Using Eq. 2.49, and noting that in this case \hat{ n }=-\hat{ s }
\sigma=-\epsilon_{0} \frac{\partial V}{\partial n} (2.49)
\sigma(\phi)=\left.\epsilon_{0} \frac{\partial V}{\partial s}\right|_{s=R}=\left.\epsilon_{0} V_{0} \frac{2}{\pi} \sum_{k=1}^{\infty} \frac{\sin (k \pi / 4)}{k R^{k}} k s^{k-1} \cos (k \phi)\right|_{s=R}=\frac{2 \epsilon_{0} V_{0}}{\pi R} \sum_{k=1}^{\infty} \sin (k \pi / 4) \cos (k \phi) .

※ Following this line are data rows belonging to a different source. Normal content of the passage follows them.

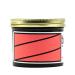 Bona Fide Fiber Pomade 4 oz. - Strong Hold Styling Pomade - Buy Online on GoSupps.com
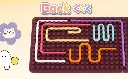 5.webp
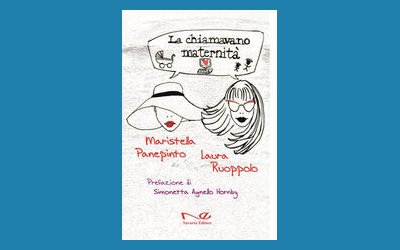 La chiamavano maternità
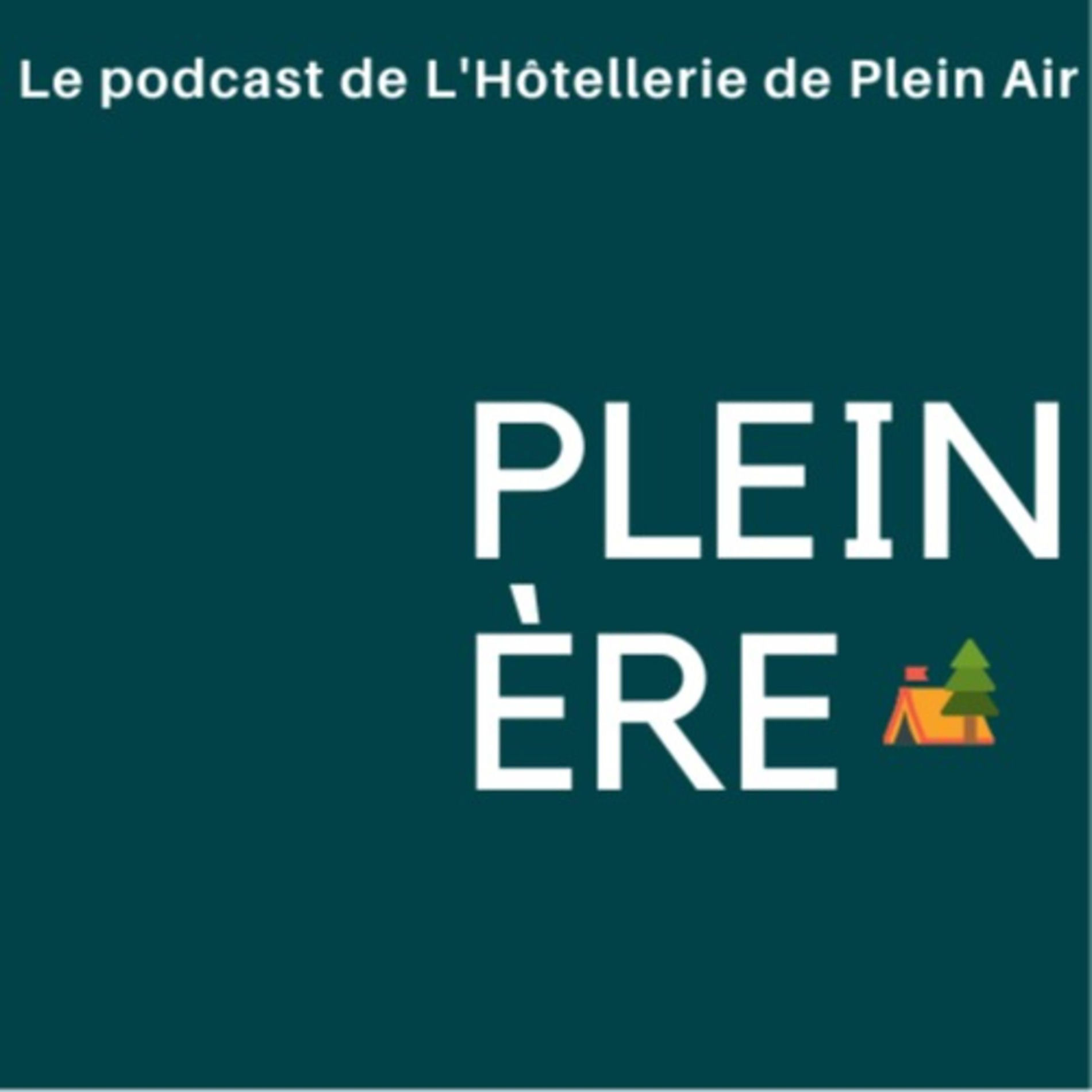 Show cover of Plein Ère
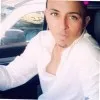 Miguel Rodriguez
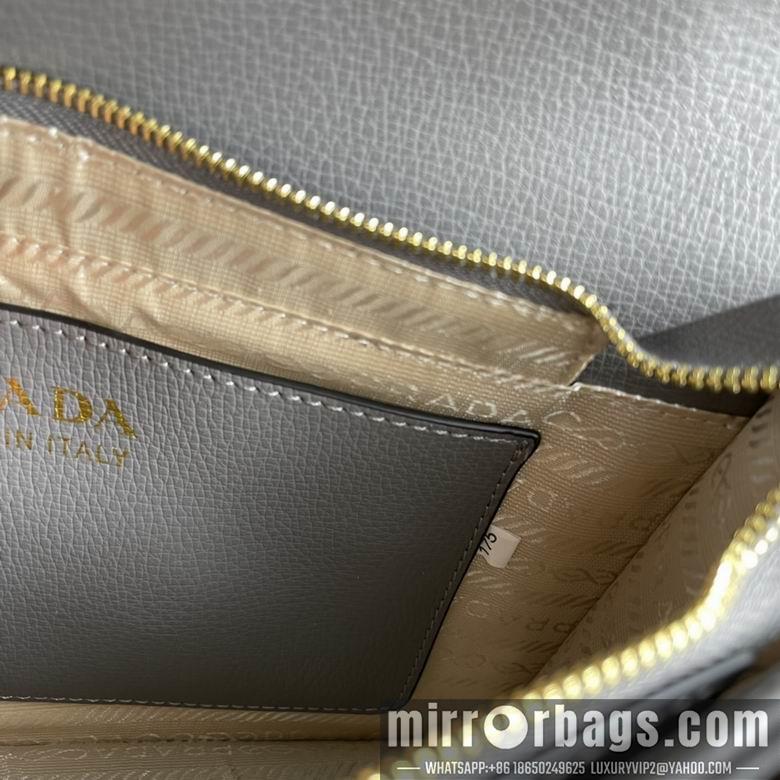 Replica Prada Bags 2130 26X18X7cm XM 3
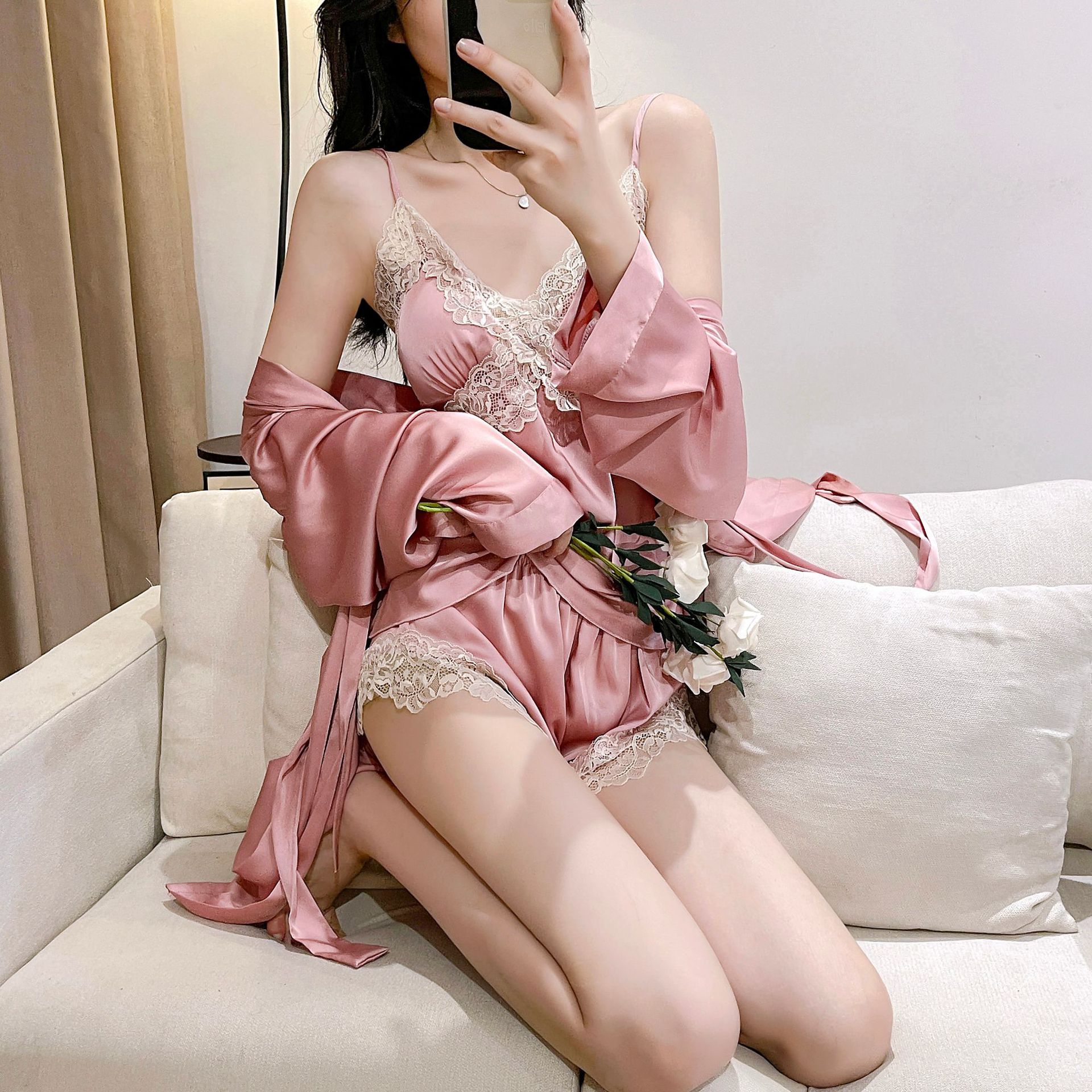 IMG_2259
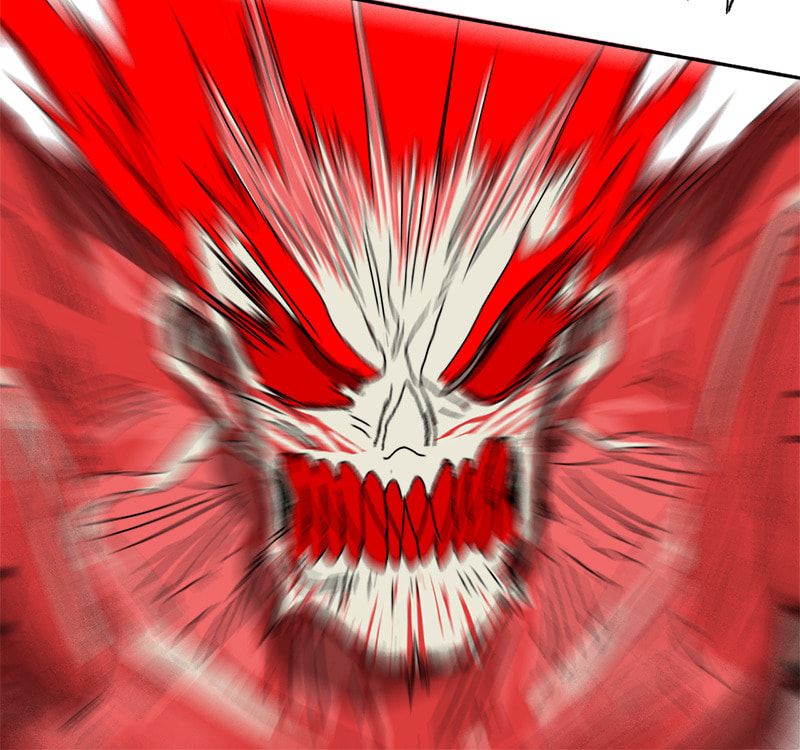 Read Mosquito Wars chapter 35 image 69 on Lezhin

We want the net (line) charge on the segment opposite to V_{0}(-\pi<\phi<-3 \pi / 4 \text { and } 3 \pi / 4<\phi<\pi) :
\lambda=\int \sigma(\phi) R d \phi=2 R \int_{3 \pi / 4}^{\pi} \sigma(\phi) d \phi=\frac{4 \epsilon_{0} V_{0}}{\pi}\sum_{k=1}^{\infty} \sin (k \pi / 4) \int_{3 \pi / 4}^{\pi} \cos (k \phi) d \phi
=\frac{4 \epsilon_{0} V_{0}}{\pi} \sum_{k=1}^{\infty} \sin (k \pi / 4)\left[\left.\frac{\sin (k \phi)}{k}\right|_{3 \pi / 4} ^{\pi}\right]=-\frac{4 \epsilon_{0} V_{0}}{\pi} \sum_{k=1}^{\infty} \frac{\sin (k \pi / 4) \sin (3 k \pi / 4)}{k} .
| k |
\sin (k \pi / 4) |
\sin (3 k \pi / 4) |
product |
| 1 |
1 / \sqrt{2} |
1 / \sqrt{2} |
1/2 |
| 2 |
1 |
-1 |
-1 |
| 3 |
1 / \sqrt{2} |
1 / \sqrt{2} |
1/2 |
| 4 |
0 |
0 |
0 |
| 5 |
-1 / \sqrt{2} |
-1 / \sqrt{2} |
1/2 |
| 6 |
-1 |
1 |
-1 |
| 7 |
-1 / \sqrt{2} |
-1 / \sqrt{2} |
1/2 |
| 8 |
0 |
0 |
0 |
\lambda=-\frac{4 \epsilon_{0} V_{0}}{\pi}\left[\frac{1}{2} \sum_{1,3,5 \ldots} \frac{1}{k}-\sum_{2,6,10, \ldots} \frac{1}{k}\right]=-\frac{4 \epsilon_{0} V_{0}}{\pi}\left[\frac{1}{2} \sum_{1,3,5 \ldots} \frac{1}{k}-\frac{1}{2} \sum_{1,3,5, \ldots} \frac{1}{k}\right]=0 .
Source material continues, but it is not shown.